SSS north Luzon head denies overcharging salary loans-

>> Sunday, November 25, 2012



By Maria Aprila Cruz

BAGUIO CITY – The Social Security System (SSS) has denied reports that it had overcharged its member-borrowers who availed of salary loans.

Luis Olais, Assistant Vice President for North Luzon, told a radio interview that there is no truth about a news report that SSS had overcharged its member-borrowers who availed of salary loans.

According to Olais, the issue on overcharging came out because of a finding of the Commission on Audit (COA) that SSS did not follow a prescribed implementation in accordance with the Bangko Sentral ng Pilipinas (BSP).

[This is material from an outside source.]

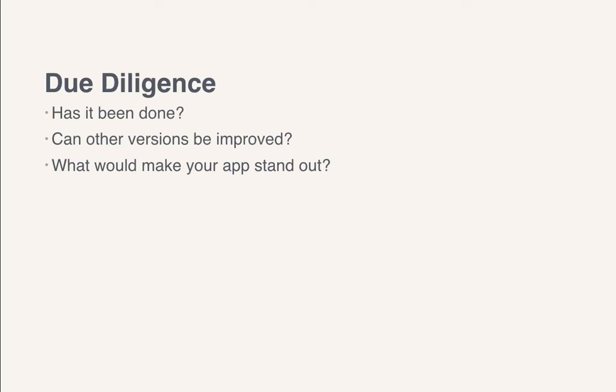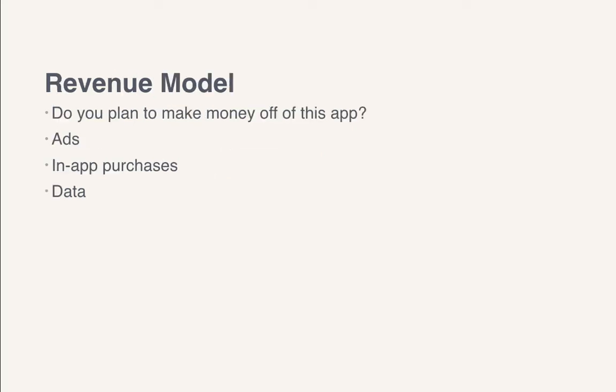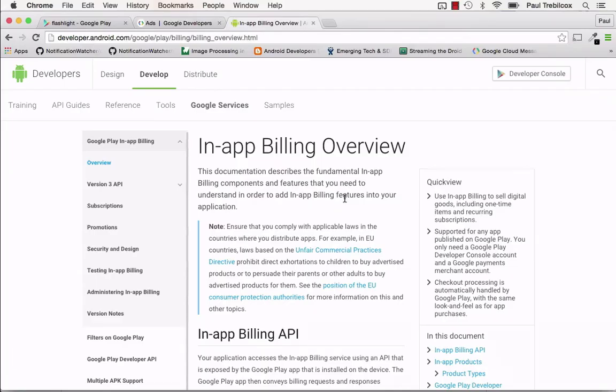You need to plan out if you're going to have a revenue model. So do you plan to make money off this application at all? And if so, is it going to be through ads, in-app purchases, by collecting data that you can then use for something else, or are you going to be paid by an end client, or some kind of mixture in between?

He explained that the computation which the SSS uses to calculate the interests on loans is based on a policy that was approved by the Social Security Commission (SSC) in the year 2000 wherein the 10% interest per annum being charged by SSS is being deducted in advance.

“If a member applies for a maximum loan of P24,000 the 10% interest for the first year which is equivalent to P2,400 is being deducted upon the release of the loan, while the second  year interest is being deducted with the monthly amortization, so actually if u see there is no overcharging because we based our interest charges for one year based on the commission resolution and not on the prescribed rule of BSP”, he explained.

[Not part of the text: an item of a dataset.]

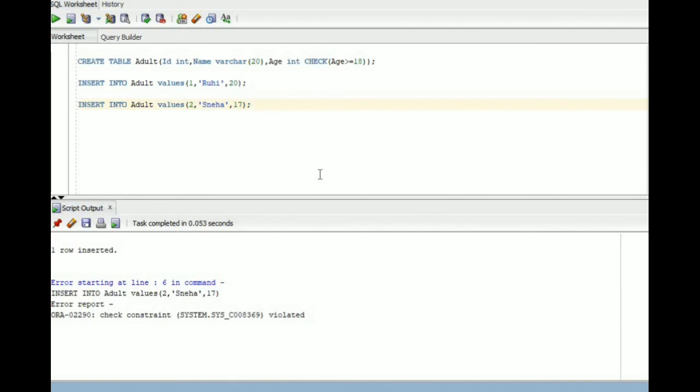Only those rows can be inserted into this table if the age value is greater than or equal to 18. That is how check constraint works. Thanks for watching.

COA said the 10 percent interest on the loans that SSS made to its members must be based on the diminishing monthly loan balance, not on the principal loan amount, Olais added.

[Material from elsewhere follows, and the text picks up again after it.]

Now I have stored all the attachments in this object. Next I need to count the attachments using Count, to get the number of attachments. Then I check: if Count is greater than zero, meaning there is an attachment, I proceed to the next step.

So in accordance now with the COA findings or the BSP, Olais said that SSS has revised its salary loan granting in order to conform to whatever ruling of the concerned agency.

Under the revised scheme which  will be implemented soon, amortizations for short-term member loans will be computed by charging the interest on the outstanding balance of the loan at the beginning of each installment period. The 10 % effective annual interest of the loan will be charged based on diminishing principal balance and it will be amortized over 24 months, he said.

Olais said that the effect of the revised scheme would be a higher take home loan, however he appealed to all SSS borrowers to pay regularly as prescribed in the amortization period to avoid penalty. 

The new scheme Olais said will also result in the increase in maximum loanable amount of P30,000 from the present P24,000 limit provided a member is qualified to avail.